- ABOUT THIS TASK
Among the entries below, count the lines that contain the word "ongkir". Respond with the count only.

[Extracted data entries]
○ ○ ○ ○

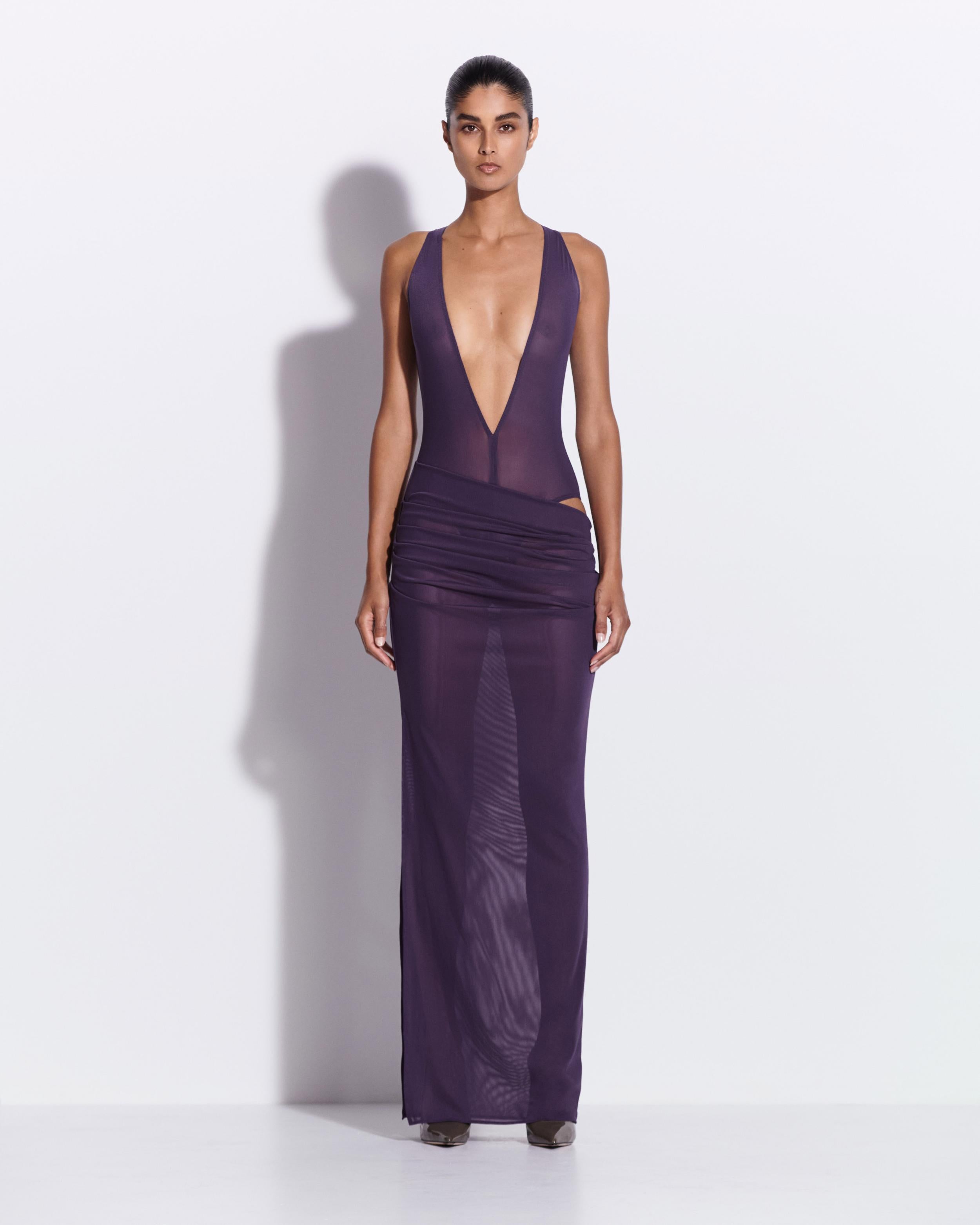 Tucked Halter Column in Stretch Mesh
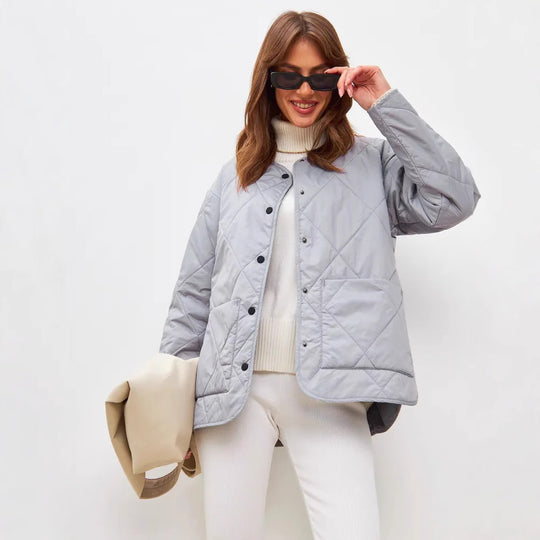 Damen gesteppte Freizeitjacke mit hoch geschlossenem Kragen und modischem Schnitt EB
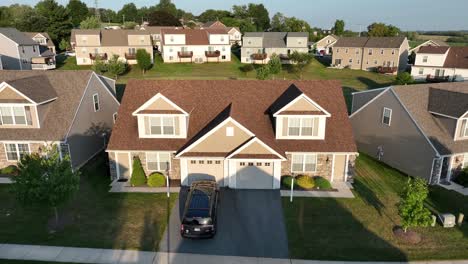 Sunlight-shining-on-duplex-homes-in-USA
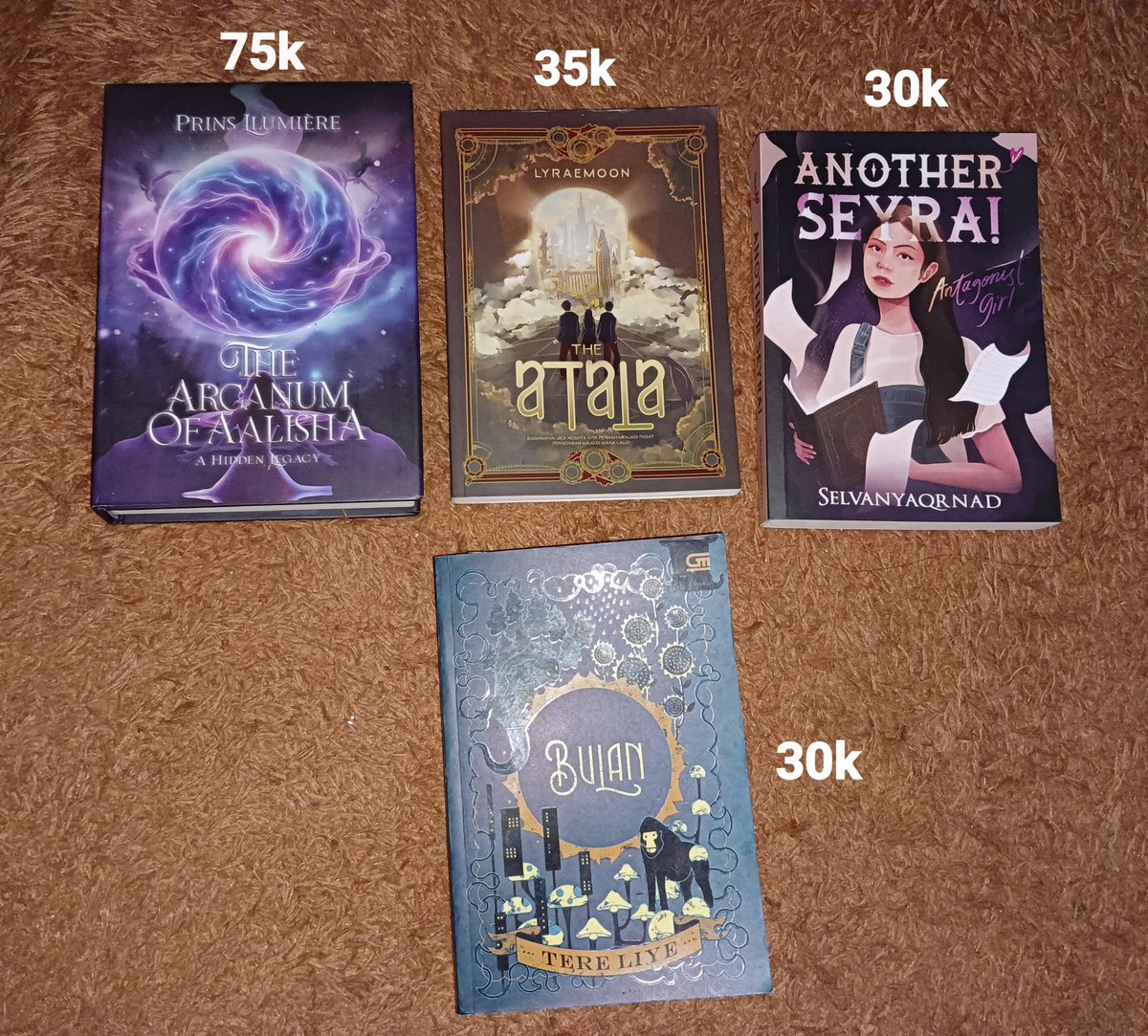TokoNeiy's tweet photo. 📚 WTS ‼️
Preloved Novel Original 
— The Arcanum Of Aalisha (Hard Cover)
— The Atala
— Another Seyra
— Bulan Tere Liye
| HARGA TERTERA DIFOTO |

bisa co 🍊 +15% admin (gratis ongkir) atau split pay via 🍊
bisa juga kirim manual via J&amp;T (ongkir menyesuaikan)

📍Kota Bogor https://t.co/Melt5jLrer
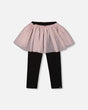 Leggings With Tulle Skirt Pink And Black | Deux par Deux | Jenni Kidz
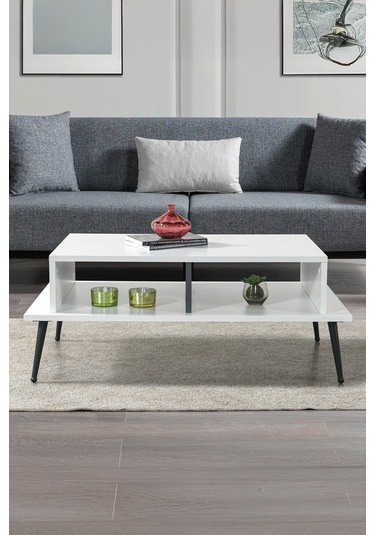 2012 Şile Metal Ayaklı Orta Sehpa , Salon Sehpası Beyaz - Antrasit Beyaz - Antrasit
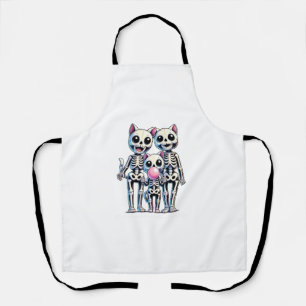 Skeleton Cat Family Blowing Bubble Gum Schattige e Schort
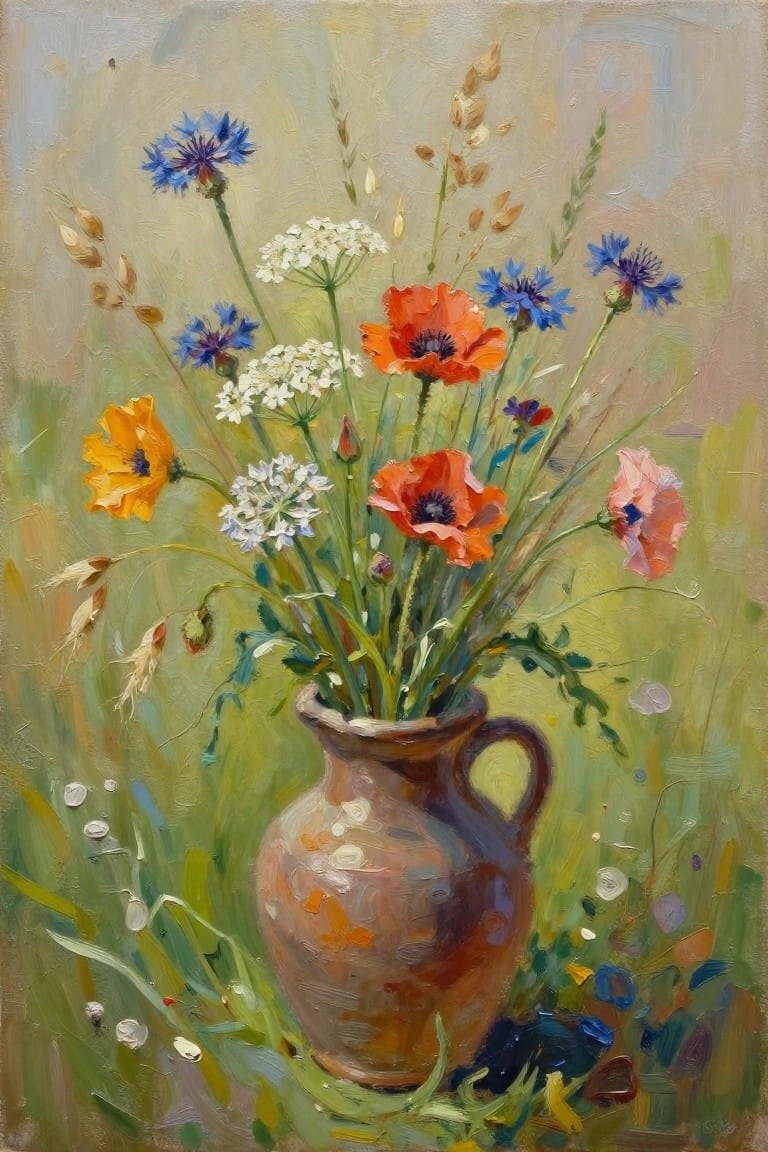 Rustic brown vase with red poppies, blue cornflowers, and wildflowers in a meadow.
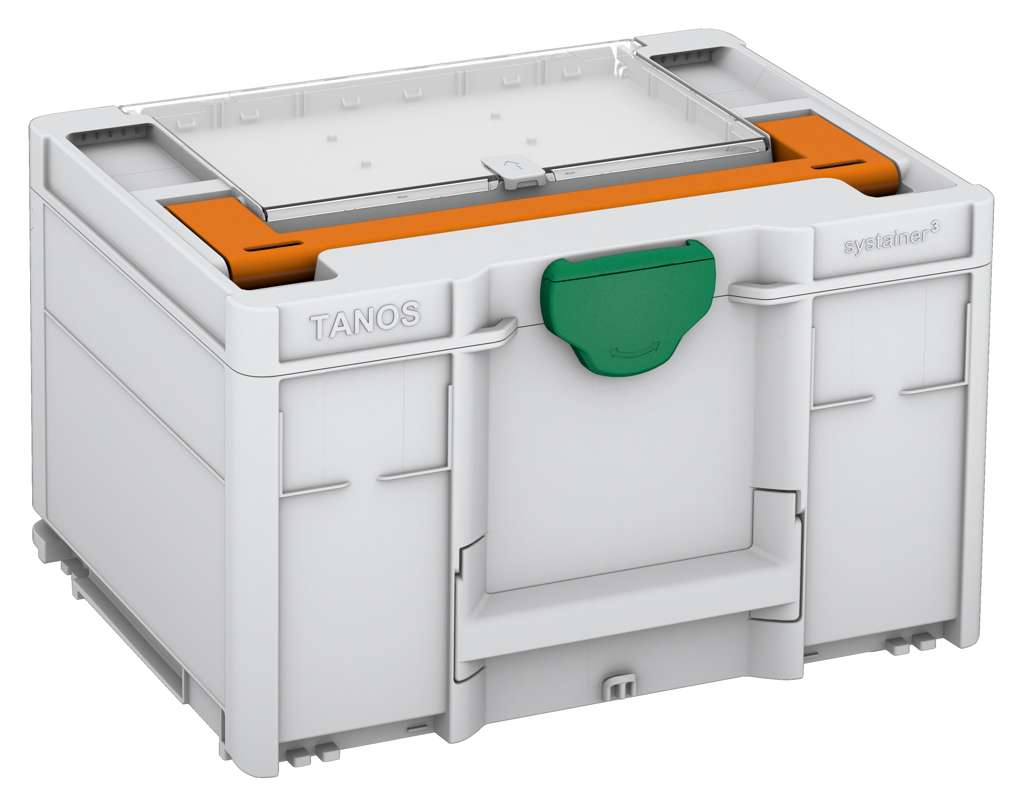 Systainer³ Lid Compartment M 237, Light Grey with Deep Orange lid handle and Signal Green catches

○ ○ ○ ○

- WRITTEN REPLY
2